ACTION ITEM
Restate, word for word and with no pictures, the stretch of lines in the data below that begins at the line with "Welcome. This is" and ends at the line with "As I mentioned", inclusive.

DATA
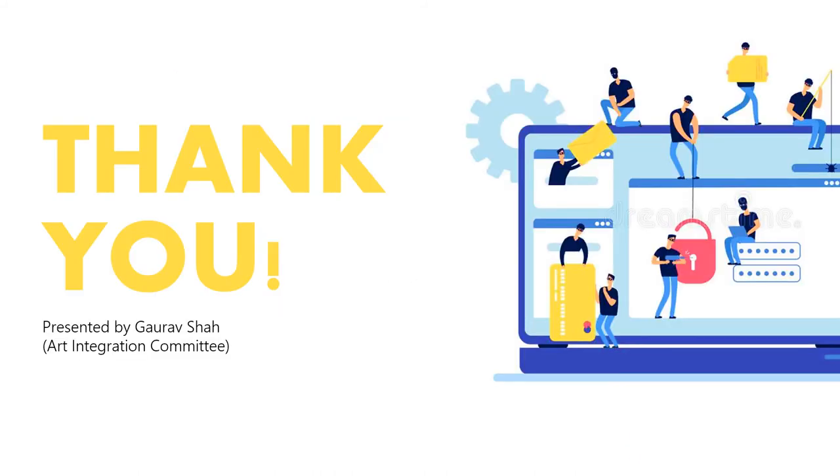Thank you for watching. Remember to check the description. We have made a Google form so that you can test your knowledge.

==

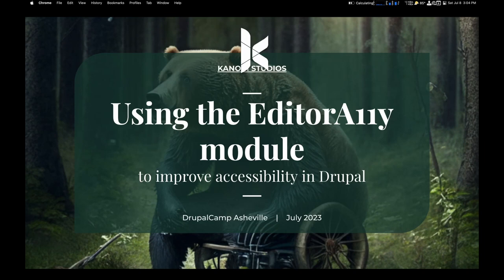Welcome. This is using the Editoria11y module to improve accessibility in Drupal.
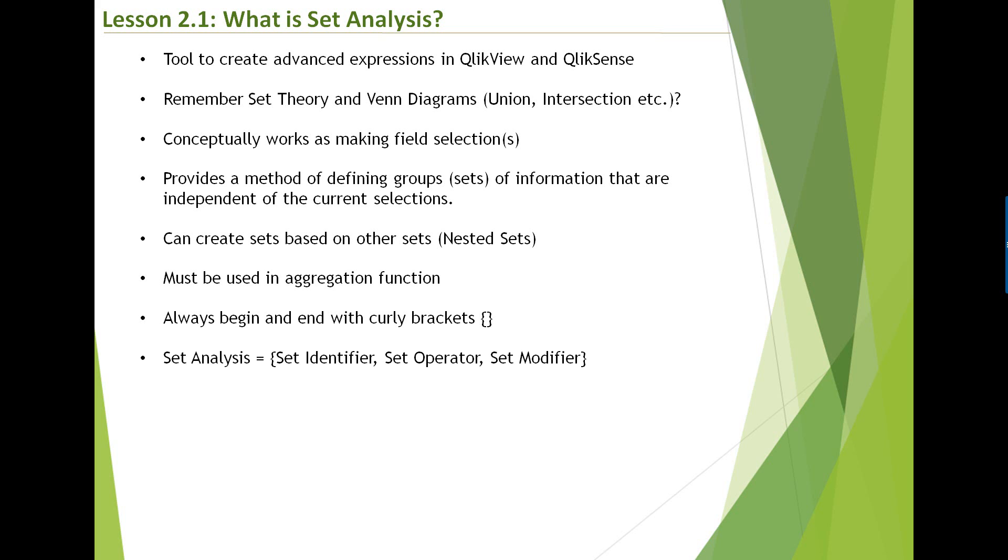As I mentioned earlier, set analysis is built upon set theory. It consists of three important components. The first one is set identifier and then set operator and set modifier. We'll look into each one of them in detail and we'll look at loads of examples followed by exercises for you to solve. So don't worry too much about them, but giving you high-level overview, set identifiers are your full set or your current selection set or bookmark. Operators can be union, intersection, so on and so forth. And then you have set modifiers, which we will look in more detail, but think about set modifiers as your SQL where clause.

THE COMPLETED TASK
Welcome. This is using the Editoria11y module to improve accessibility in Drupal.
As I mentioned earlier, set analysis is built upon set theory. It consists of three important components. The first one is set identifier and then set operator and set modifier. We'll look into each one of them in detail and we'll look at loads of examples followed by exercises for you to solve. So don't worry too much about them, but giving you high-level overview, set identifiers are your full set or your current selection set or bookmark. Operators can be union, intersection, so on and so forth. And then you have set modifiers, which we will look in more detail, but think about set modifiers as your SQL where clause.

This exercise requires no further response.